# vba/Excel externes Programm starten



## Fisch (14. August 2003)

Hallo zusammen,

da ich keinen richtigen compiler habe möchte ich ganz gerne mit vba
ein Makro schreiben, dass mir *.zip Dateien entzipped und in ein bestimmtes Verzeichnis kopiert.

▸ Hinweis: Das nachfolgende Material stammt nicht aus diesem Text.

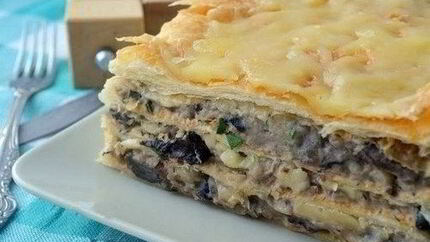 Горячий пирог Наполеон с картофельно-грибным кремом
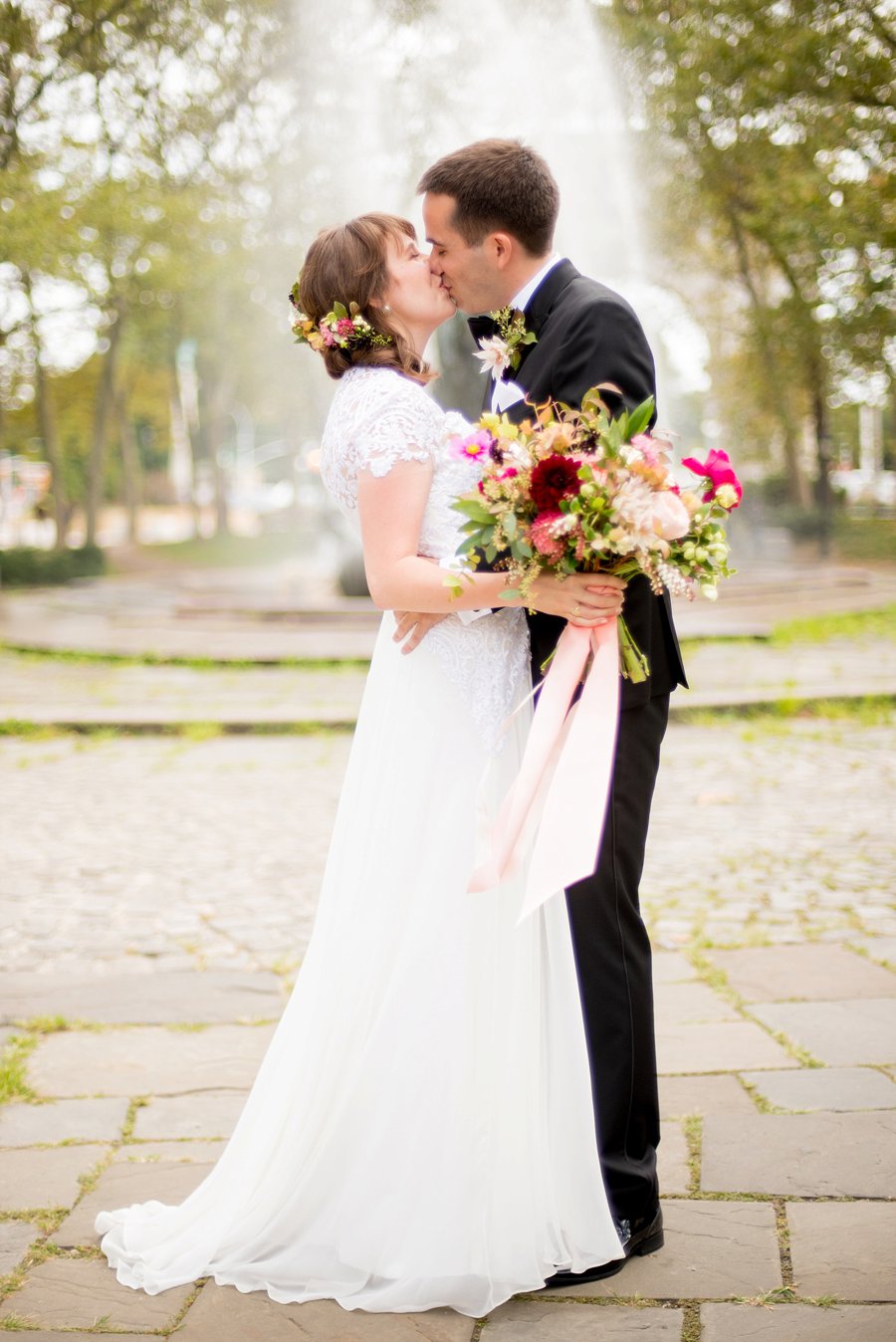 An Elegant Pink & White Brooklyn Wedding via TheELD.com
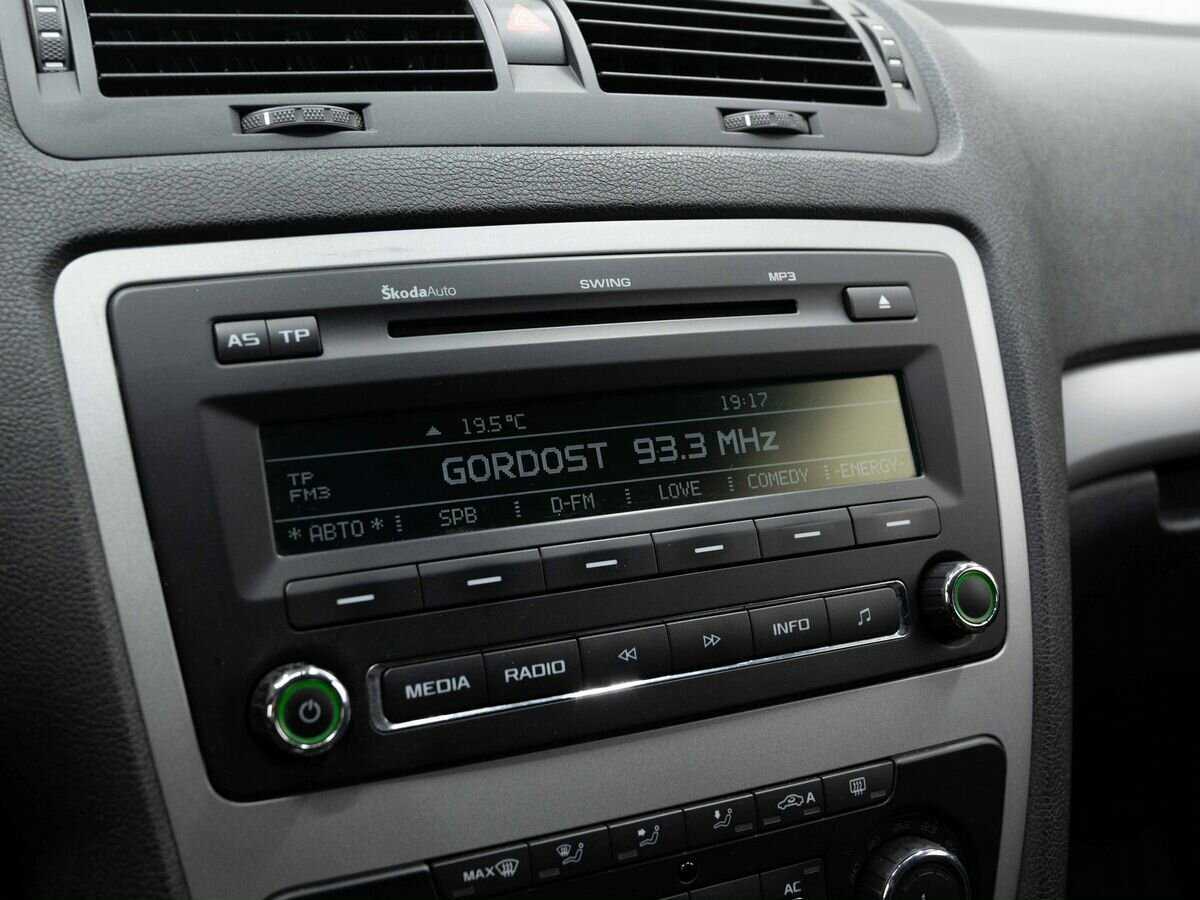 Шкода Октавия б/у, 2012, Механическая. Фото: #18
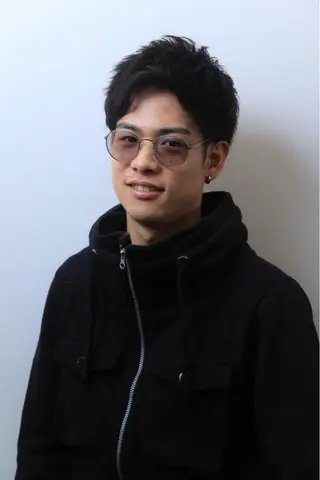 ヨシダ ジュンのヘアスタイル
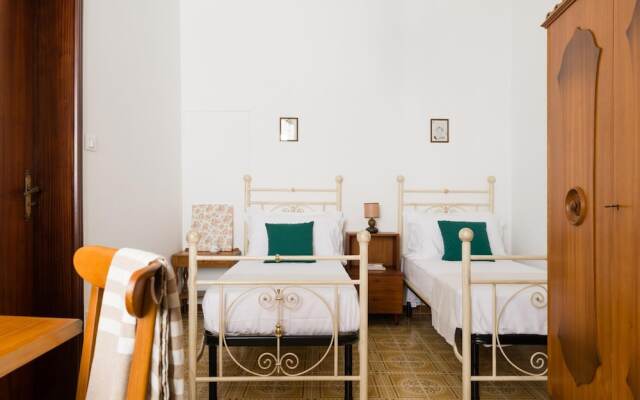 Casa Vintage con Terrazza by Wonderful Italy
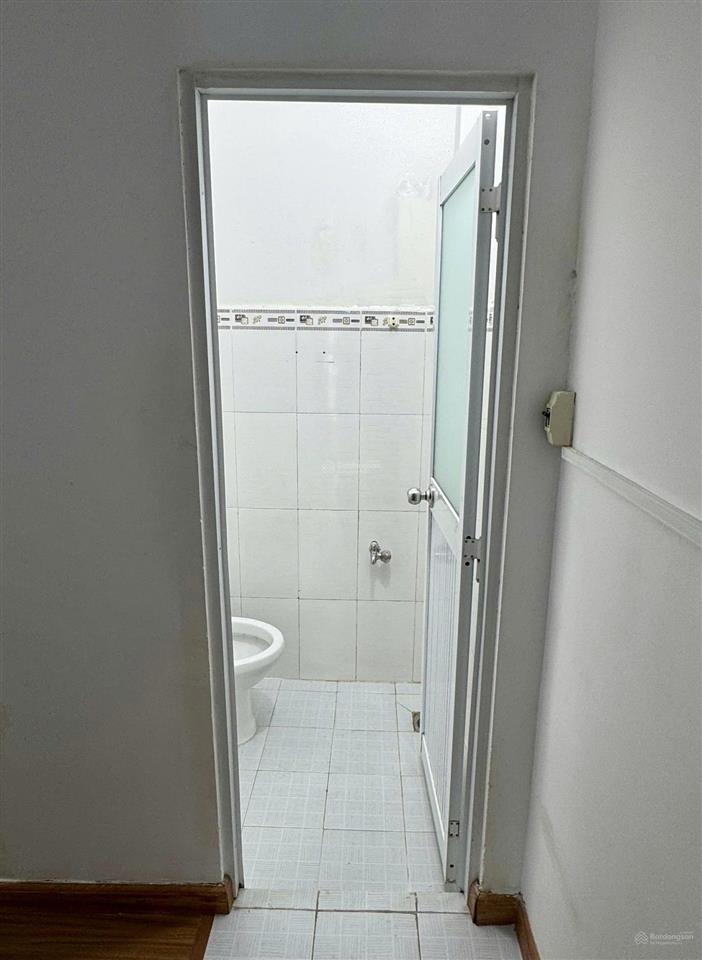 2 tầng phú thọ hoàtân phú chỉ 3.3 tỷ lô góc thoáng 2 pn  nhà đẹp ở ngay.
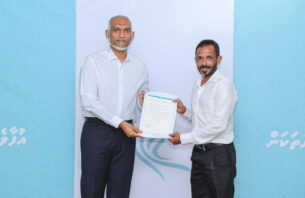 ބްރޯޑްކޮމްގެ މެމްބަރު މުހައްމާ ކޮންގްރެސް ޕާޓީގެ މެމްބަރުންގެ މަޖިލިހަށް thumbnail image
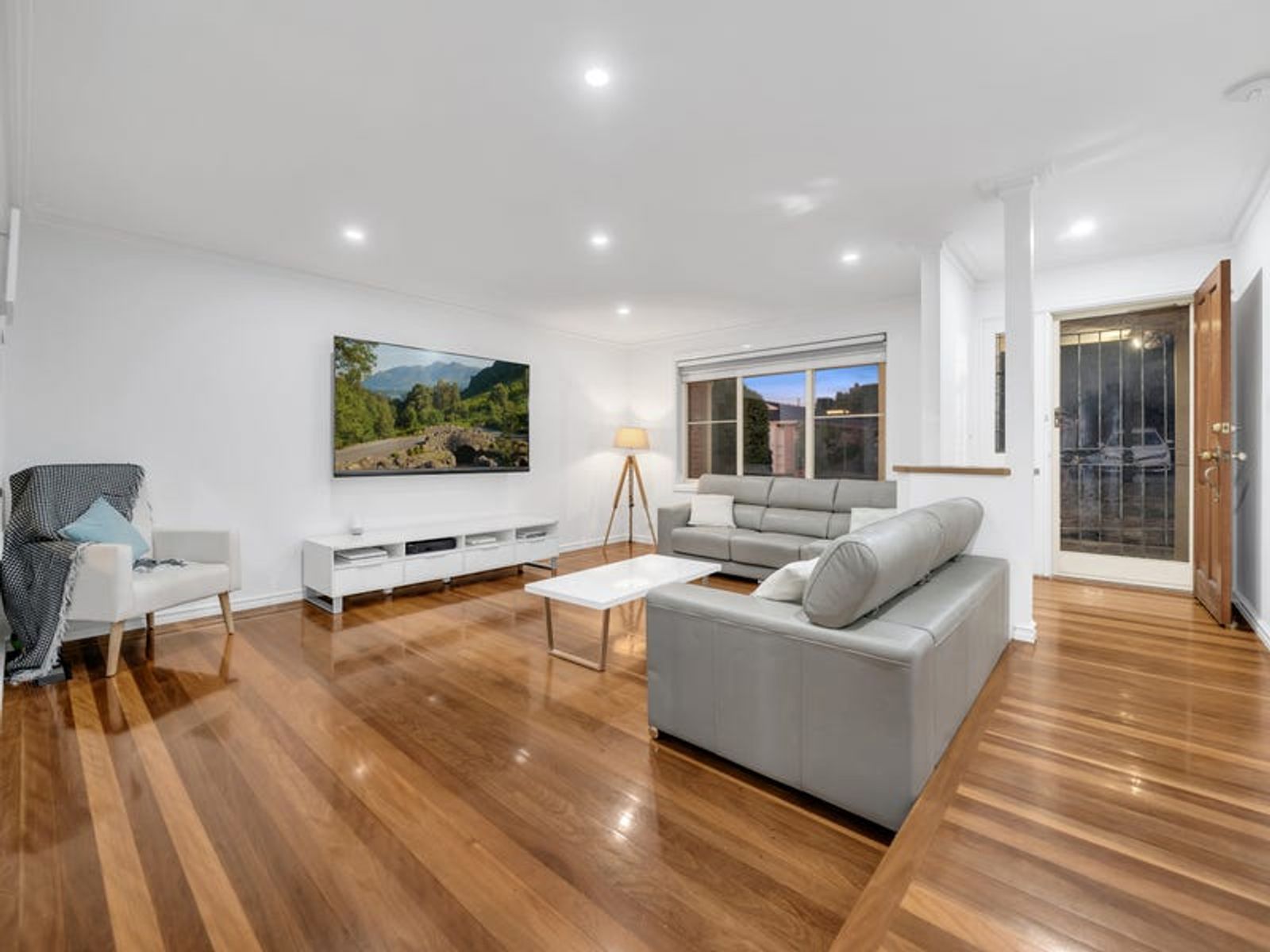 9 Sandhurst Mews, Hampton Park, VIC 3976, Hampton Park - Thumbnail 4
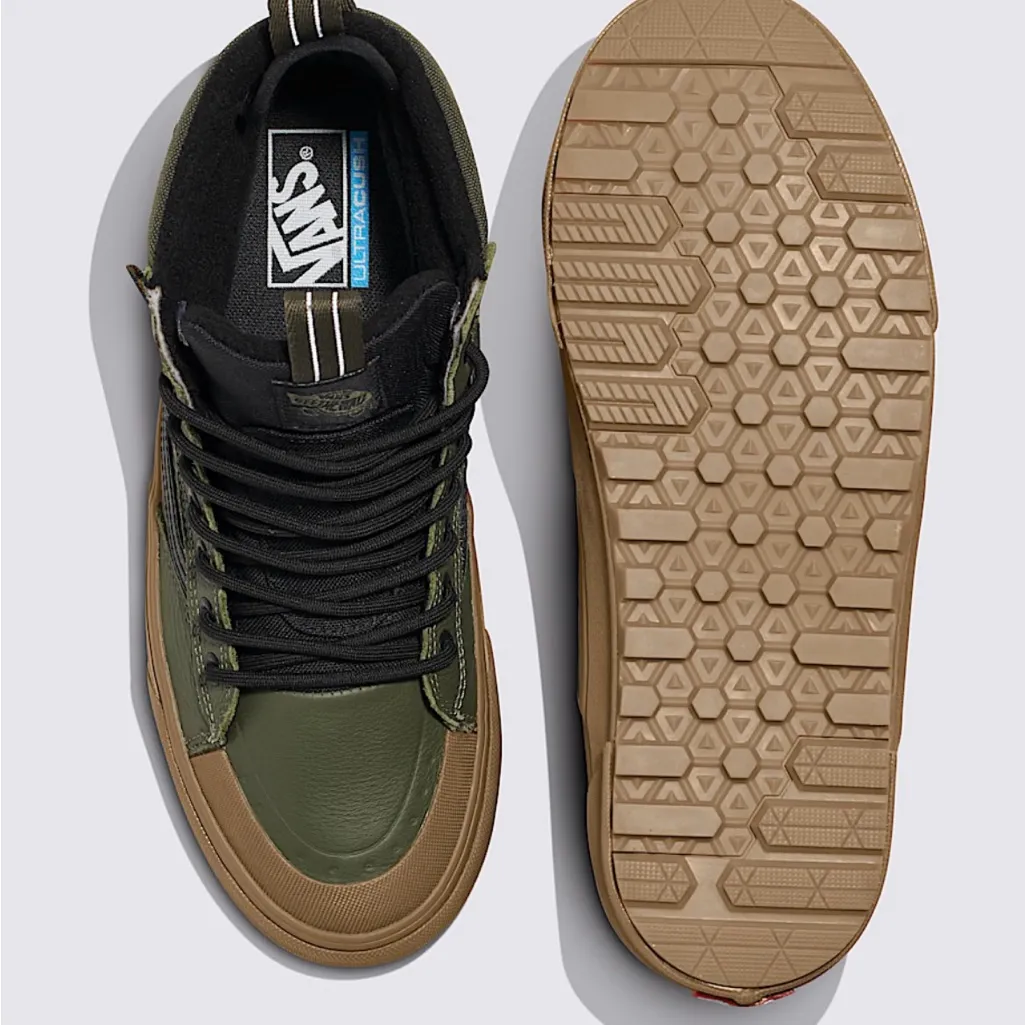 Vans Sk8-Hi Waterproof Insulated Shoe
Women 9.0 US Mens 7.5US - Image 3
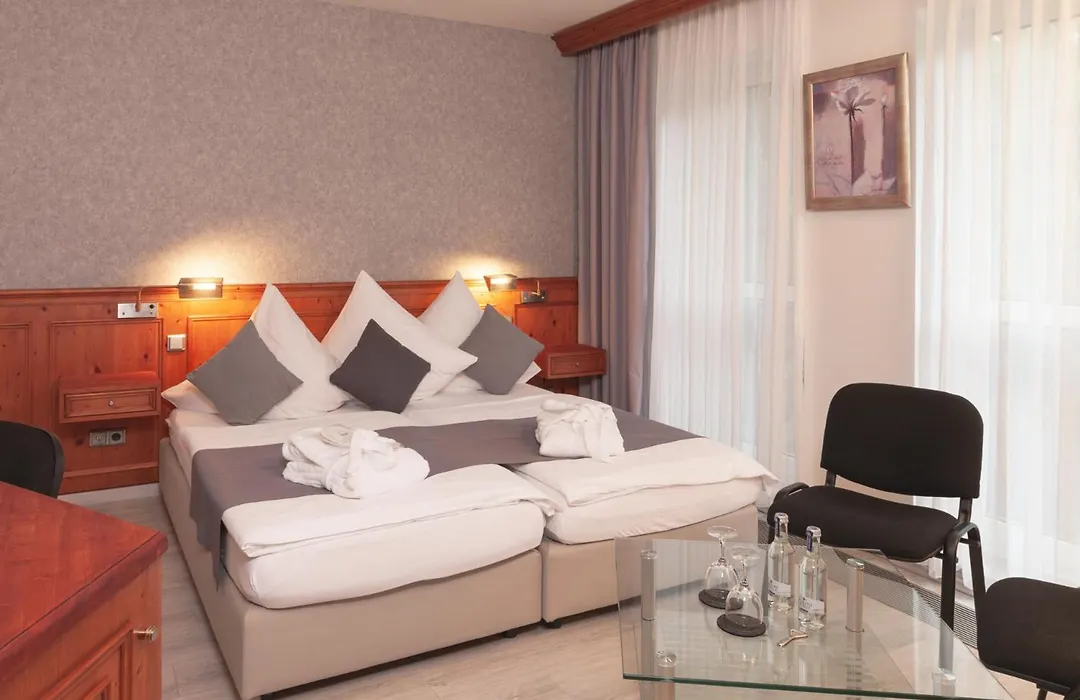 Hotel Haus Gimken-1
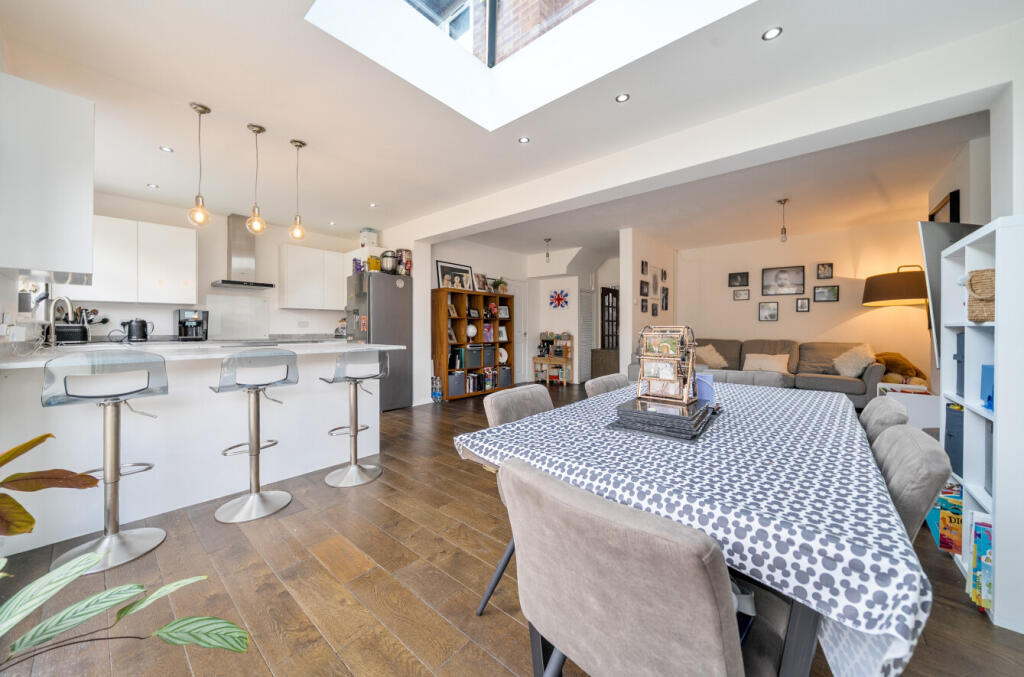 1372316-25-690b47...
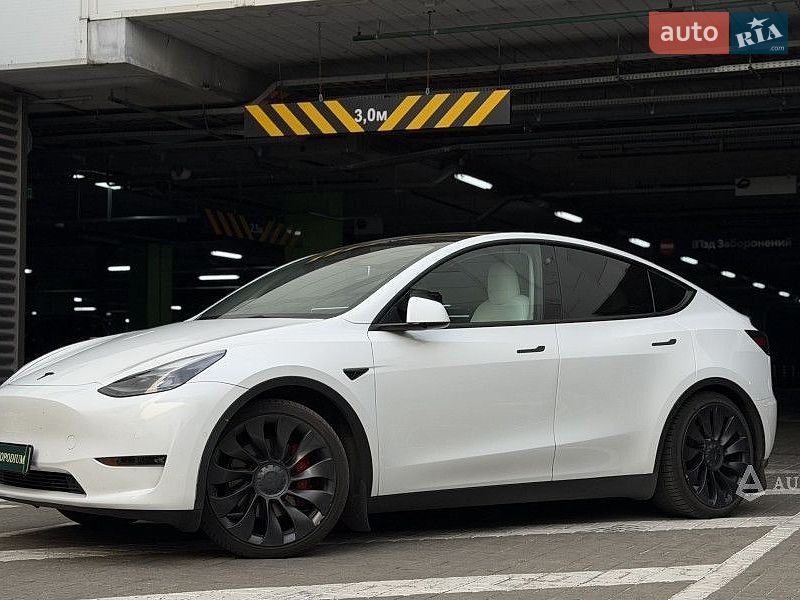 Tesla Model Y 2022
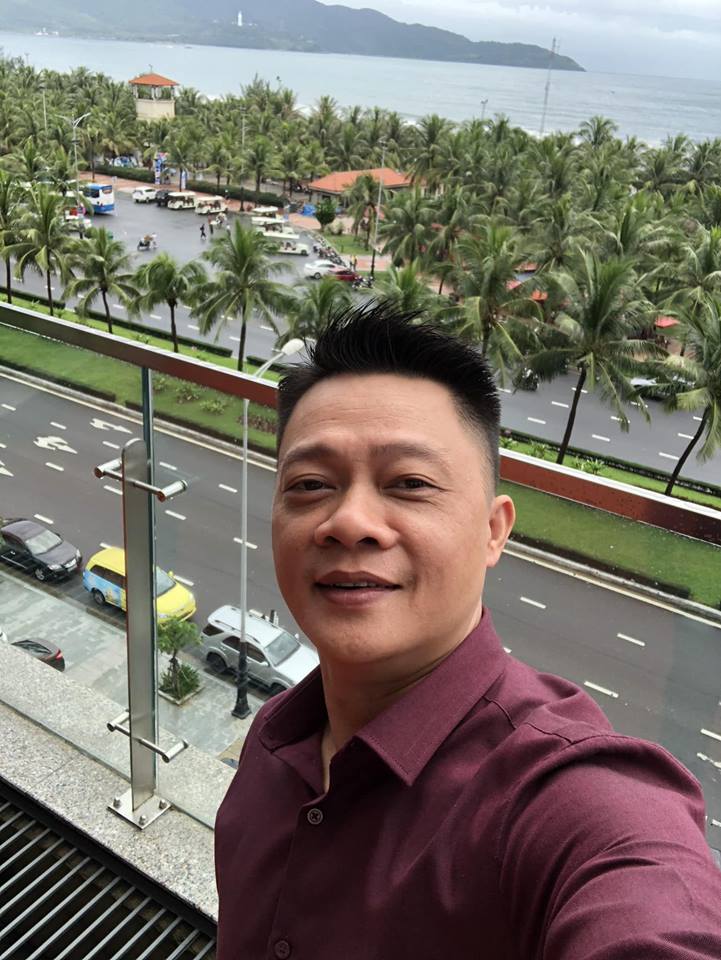 BTV Trần Quang Minh khóc chia tay VTV6 để vào Đà Nẵng - 1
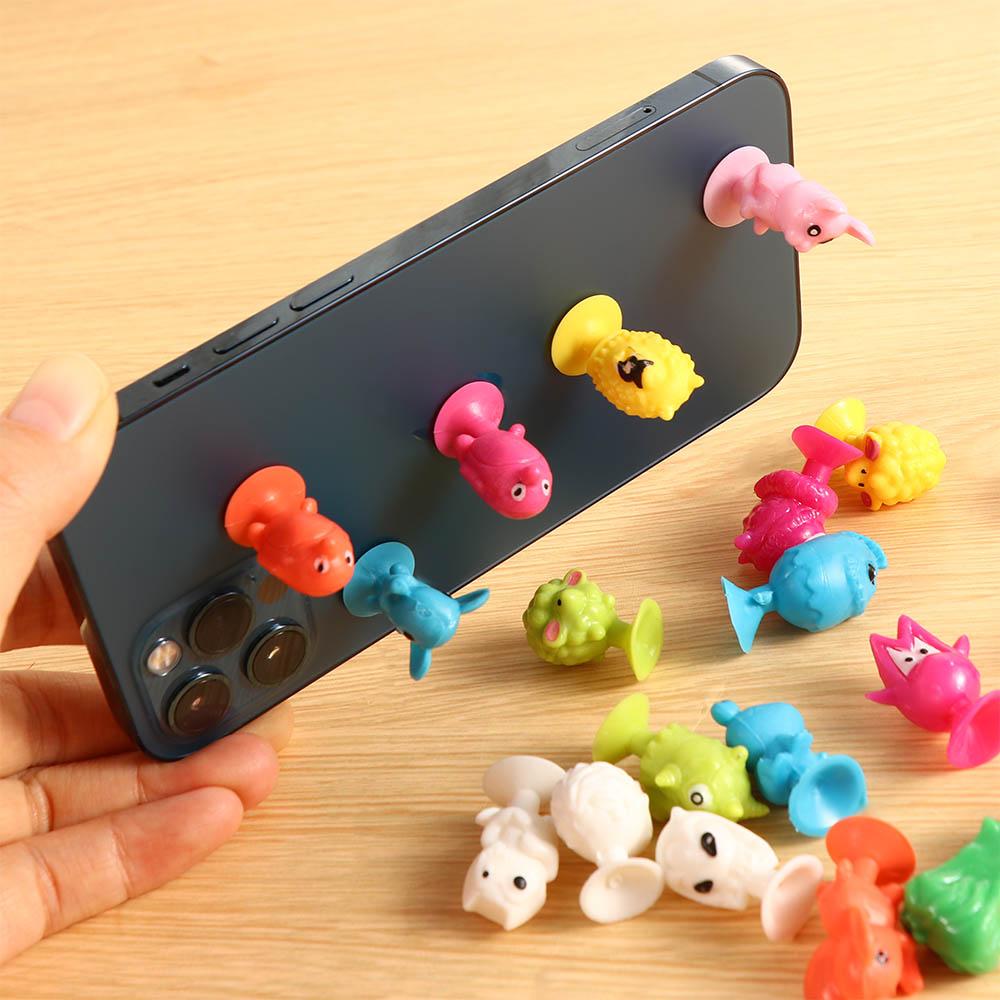 

Action Figures Silicone Cartoon Suction Cup Toys Sucker Dolls Capsule Model Suction Cup Puppets Random style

Geht das?? Kann man mit vba externe Programme starten??

Gruss

Fisch


----------



## Dario Linsky (14. August 2003)

Stichwort "Shell", einfach mal suchen.


----------



## Fisch (14. August 2003)

Schonmal dickes Merci für die schnelle Antwort,
das funktioniert ja sogar 

 

Wenn ich aber das entpacken auch automatisieren möchte(jetzt ohne das ich WinZip aufrufe), wie müsste ich das anstellen?? Hast Du da auch noch so einen guten Tipp??



Gruss

Fisch


----------



## Daniel Toplak (15. August 2003)

Nimm doch PKUNZIP oder so, das ist ein Konsolenprogramm zum Entpaken und Paken und dann schreibst du dir eine Batch-Datei, fertig.

Gruss Homer


----------



## Fisch (15. August 2003)

Danke für die Idee,
Ich möchte aber die Dateien entpacken, dann abändern und dann in ein anderes Verzeichnis kopieren.Die Änderungen kann ich mit der Batchdatei ja nicht machen. Ich hab ein Makro unter Access gesehen(nicht den Quelltext), dass die Dateien auch erst entpackt, bevor sie verarbeitet werden. geht das unter Excel nicht??
Danke und Gruss

Fisch


----------